Once per enum type, the code will build the table of values and weight-sums that will be used for the binary search. This result is stored in a cache dictionary, _typeToAggregatedWeights
.
There are also the objects that have to be declared and which will be used at run-time to build this table. Note that the _typeToWeightMap
is just in support of making this method 100% generic. If you wanted to write a different named method for each specific type you wanted to support, that could still used a single generic method to implement the initialization and selection, but the named method would know the correct object (e.g. _bloodTypeToWeight
) to use for initialization.
Alternatively, another way to avoid the _typeToWeightMap
while still keeping the method 100% generic would be to have the _typeToAggregatedWeights
be of type Dictionary<Type, Lazy<object>>
, and have the values of the dictionary (the Lazy<object>
objects) explicitly reference the appropriate weight array for the type.

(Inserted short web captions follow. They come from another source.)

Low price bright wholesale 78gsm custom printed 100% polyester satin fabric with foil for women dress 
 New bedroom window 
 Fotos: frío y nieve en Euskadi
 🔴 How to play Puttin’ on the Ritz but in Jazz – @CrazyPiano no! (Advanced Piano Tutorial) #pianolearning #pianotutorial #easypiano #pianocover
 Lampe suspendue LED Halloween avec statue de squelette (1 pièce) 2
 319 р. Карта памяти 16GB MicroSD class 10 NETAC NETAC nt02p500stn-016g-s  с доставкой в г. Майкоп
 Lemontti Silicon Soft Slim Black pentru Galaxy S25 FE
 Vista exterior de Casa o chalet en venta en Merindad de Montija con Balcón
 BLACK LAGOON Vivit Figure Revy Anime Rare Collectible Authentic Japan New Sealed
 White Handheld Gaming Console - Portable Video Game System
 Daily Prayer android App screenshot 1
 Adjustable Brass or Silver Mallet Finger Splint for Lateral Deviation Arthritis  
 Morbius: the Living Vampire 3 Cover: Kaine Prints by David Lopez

In other words, there are lots of variations on this theme that would work fine. But they will all have essentially the same structure as above; semantics would be the same and performance differences would be negligible.
One thing you'll notice is that the binary search requires a custom IComparer<T>
implementation. That is here:
class KvpValueComparer<TKey, TValue> :
IComparer<KeyValuePair<TKey, TValue>> where TValue : IComparable<TValue>
{
public readonly static KvpValueComparer<TKey, TValue> Instance =
new KvpValueComparer<TKey, TValue>();
private KvpValueComparer() { }
public int Compare(KeyValuePair<TKey, TValue> x, KeyValuePair<TKey, TValue> y)
{
return x.Value.CompareTo(y.Value);
}
}
This allows the Array.BinarySearch()
method to correct compare the array elements, allowing a single array to contain both the enum values and their aggregated weights, but limiting the binary search comparison to just the weights.